Friday 23 May 2014

DS : TRIE

Trie is an indexed based approach on building trees to store strings (same as that of a dictionary) and then searching them in linear time. The tree formed is different from that of the conventional binary trees that we study, but the approach is more or less quite simple.
The intention is very clear. We need to store a bunch of strings in a data structure first, and then later on when we have a sample string that has to be searched for existence our data structure would serve as a database in which we will search for the string, the same way we search word by word in a dictionary. This reduces the complexity to linear time as opposite to a string comparison search in n^2 complexity.

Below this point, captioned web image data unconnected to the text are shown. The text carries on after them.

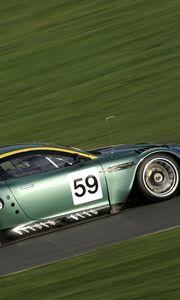 Preview wallpaper aston martin, dbr9, 2005, green, side view, style, sports, cars, speed, grass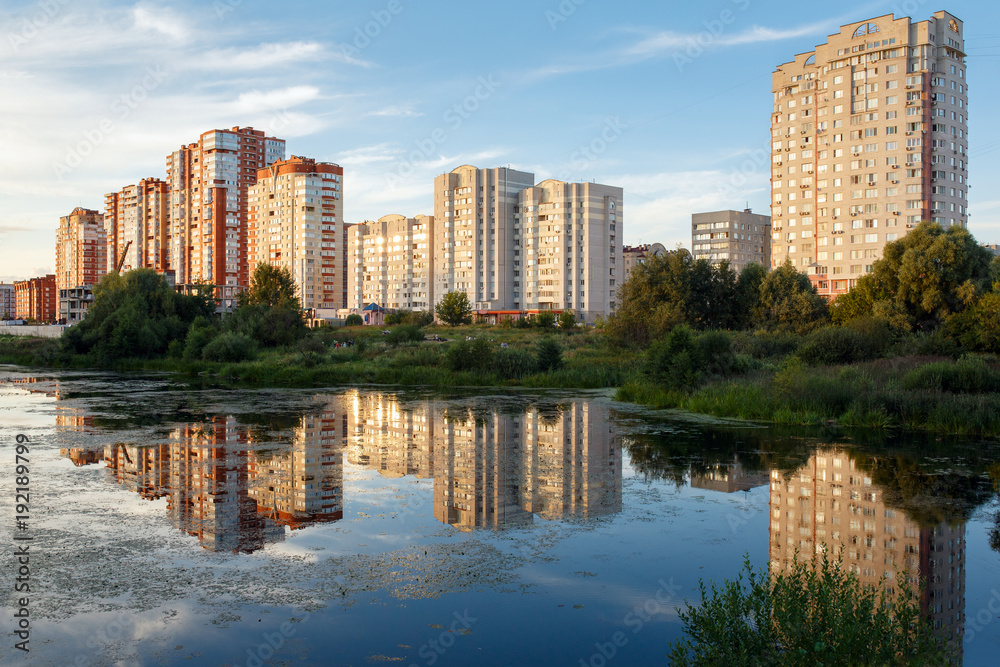 View of the new residential neighborhood on the banks of the river Pekhorka in summer. City of Balashikha, Moscow region, Russia. View of the new residential neighborhood on the banks of the river Pekhorka in summer. City of Balashikha, Moscow region, Russia.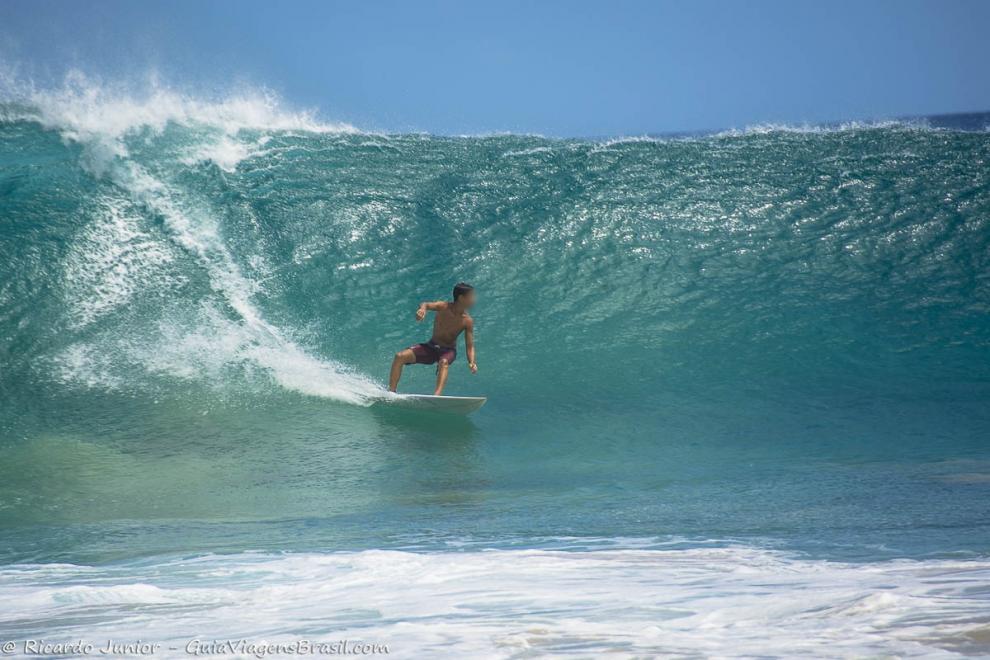 Imagem de um menino surfando em Fernando de Noronha.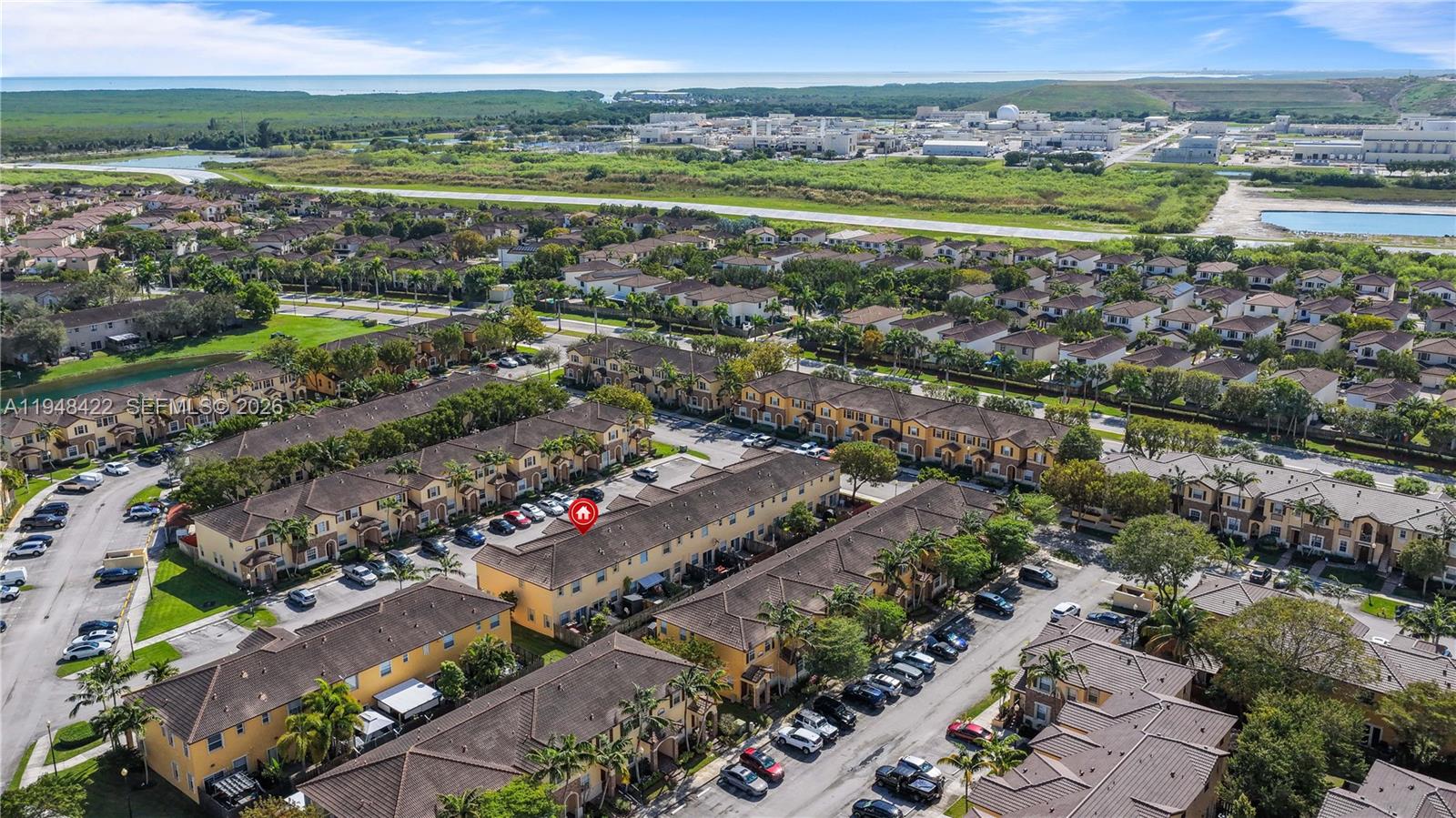 9105 Southwest 227th Street, Unit 9 Cutler Bay, FL 33190 - Photo 34 of 37 a view of city and ocean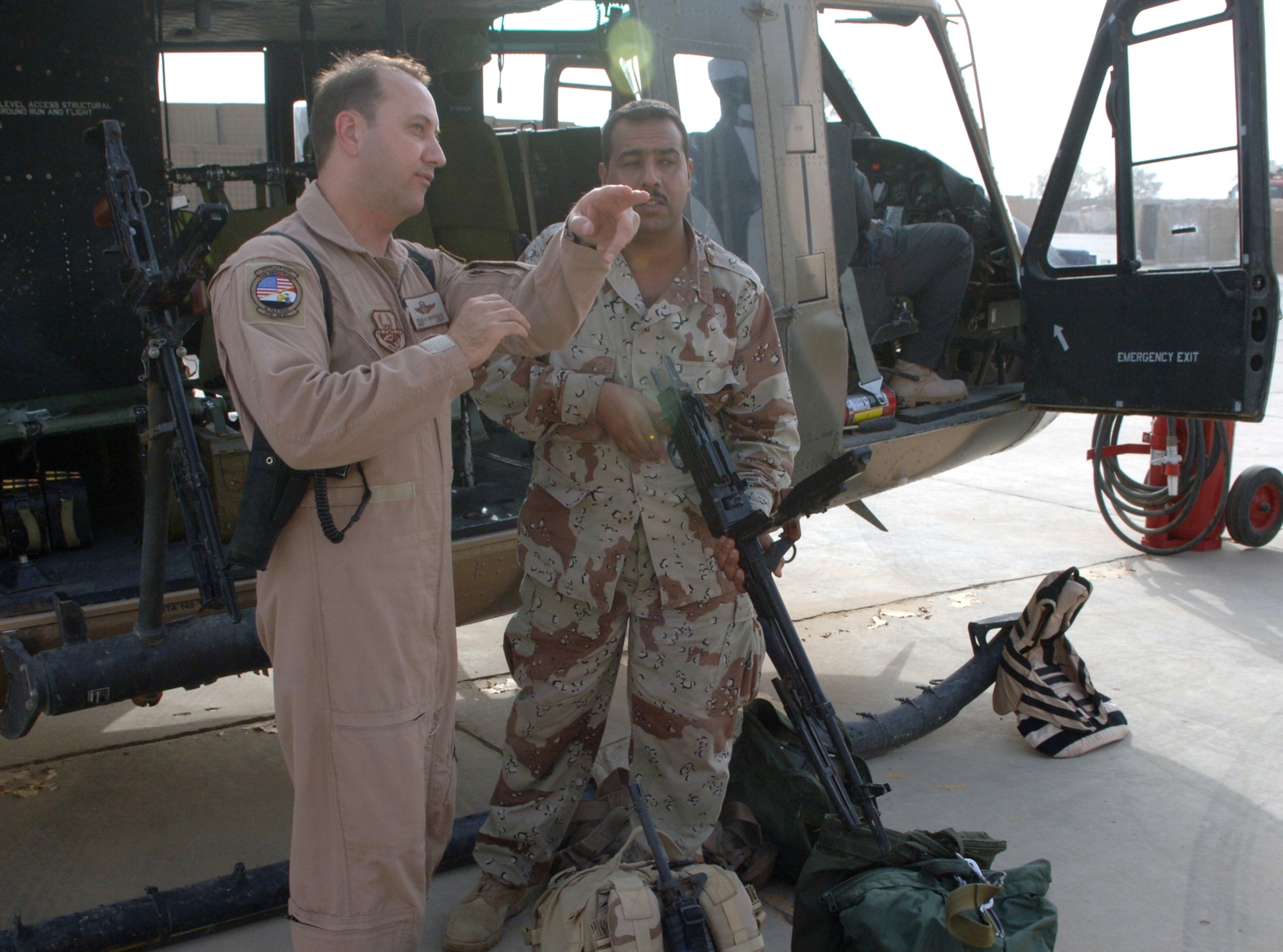 Master Sgt. Dean Marquis discusses a gunnery training mission with Iraqi air force Pvt. Fadhil Faleh at Taji Air Base, Iraq, Sept. 12. Faleh is an apprentice Mi-17 Hip gunner with 2nd Squadron. Marquis, the 770th Air Expeditionary Advisory Squadron's operations superintendent, is deployed from Hurlburt Field, Fla. (U.S. Air Force photo/Tech. Sgt. Richard Lisum)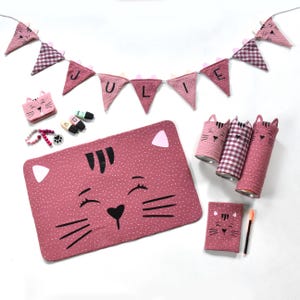 Könnte beinhalten: Eine Sammlung von altrosa Katzen-Artikeln, bestehend aus einer Wimpelkette mit der Aufschrift JULIE, einer rechteckigen Matte, drei zylindrischen Behältern, einem kleinen Beutel, einem Notizbuch, einem Perlenarmband und drei Stiften mit weißen Punkten.
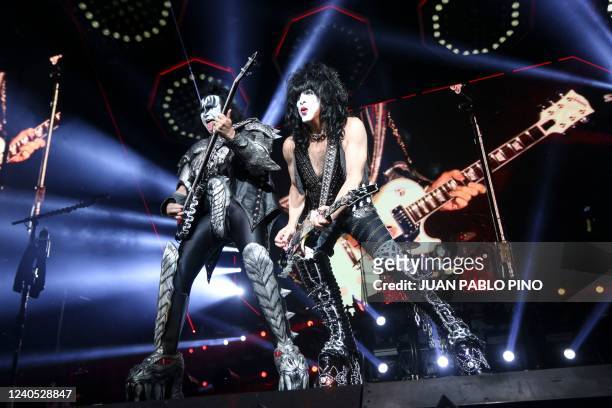 Bass guitarist Tommy Thayer and Paul Stanley of US rock band Kiss perform on stage at the Movistar Arena in Bogota on May 7, 2022.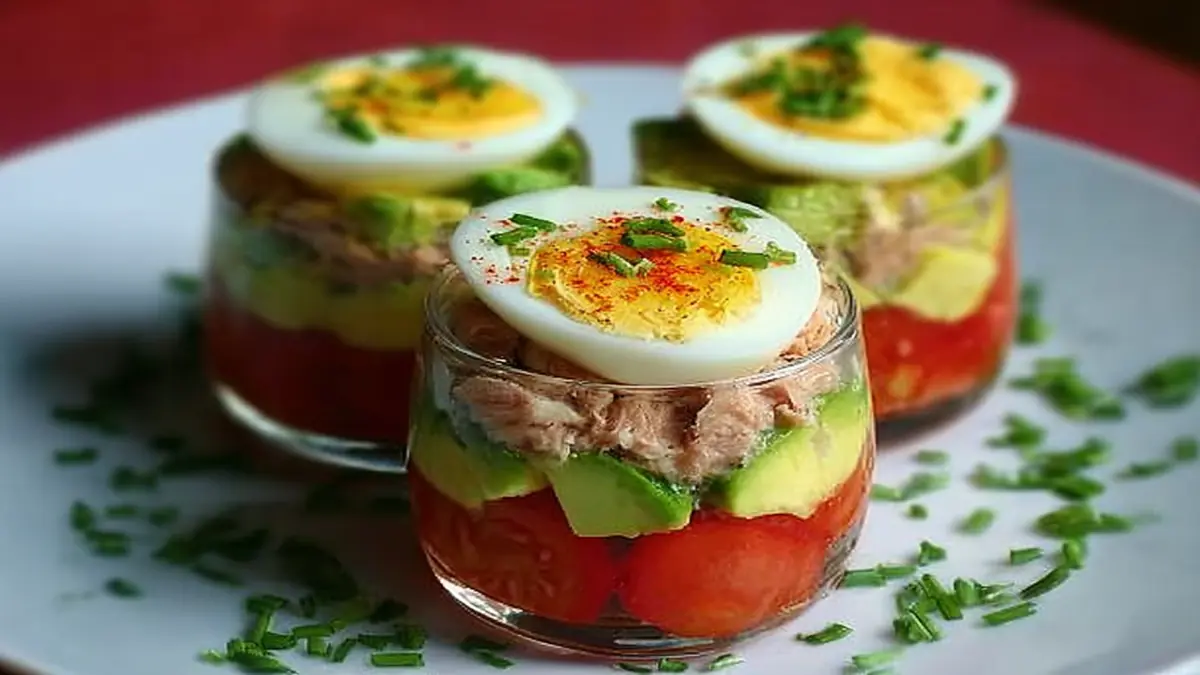 Verrine de thon à l'avocat et œuf dur, servie en couches colorées sur assiette blanche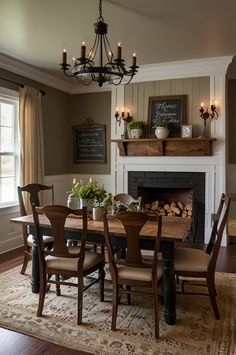 a dining room table and chairs with a fireplace in the background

3 basic things we need to do when we encounter a trie:
  (+)  Tree Initialization - setup tree structure
  (+)  Filling/Insertion - insert you elements/strings
  (+)  Searching - search you favorite hero or movie name ;)

Another point to ponder -
Unlike binary trees, where we have the node of type of a struct and we needed only one of it, here we will have two types of struct.
  (-)  Type1 - With a character array of pointers that will keep track of the string letters as it passes by. And an integer value to keep track of a termination. Obviously multiple occurrences of a string automatically gets ignored.
  (-)  Type2 - With an integer value keeping track of all the nodes it encountered and a pointer to point to nodes of type 1.

The way we will design it will be clear diagrammatically below.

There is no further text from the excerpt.